Please say how many lines in the records contain the word "with", giving only the number.

[Short web captions]
== Segment start ==

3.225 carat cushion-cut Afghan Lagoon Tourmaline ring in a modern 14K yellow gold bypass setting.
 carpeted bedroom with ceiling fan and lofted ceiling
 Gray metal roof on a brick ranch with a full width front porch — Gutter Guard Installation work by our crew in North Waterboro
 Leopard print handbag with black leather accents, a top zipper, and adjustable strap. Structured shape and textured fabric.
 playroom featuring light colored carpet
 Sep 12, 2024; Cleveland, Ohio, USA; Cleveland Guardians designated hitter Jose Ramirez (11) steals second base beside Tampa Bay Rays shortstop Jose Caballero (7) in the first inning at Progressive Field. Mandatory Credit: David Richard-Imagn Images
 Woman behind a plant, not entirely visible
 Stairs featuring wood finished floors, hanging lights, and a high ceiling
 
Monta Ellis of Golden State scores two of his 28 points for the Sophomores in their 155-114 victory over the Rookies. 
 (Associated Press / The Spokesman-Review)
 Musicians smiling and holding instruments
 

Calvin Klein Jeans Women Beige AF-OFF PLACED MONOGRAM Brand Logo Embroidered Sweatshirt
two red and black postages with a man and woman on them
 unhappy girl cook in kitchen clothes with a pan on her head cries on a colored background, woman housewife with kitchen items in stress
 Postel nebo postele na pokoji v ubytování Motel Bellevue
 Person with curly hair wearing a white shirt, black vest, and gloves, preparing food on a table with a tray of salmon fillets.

== Segment end ==

**RESULT OF THIS EXERCISE**
6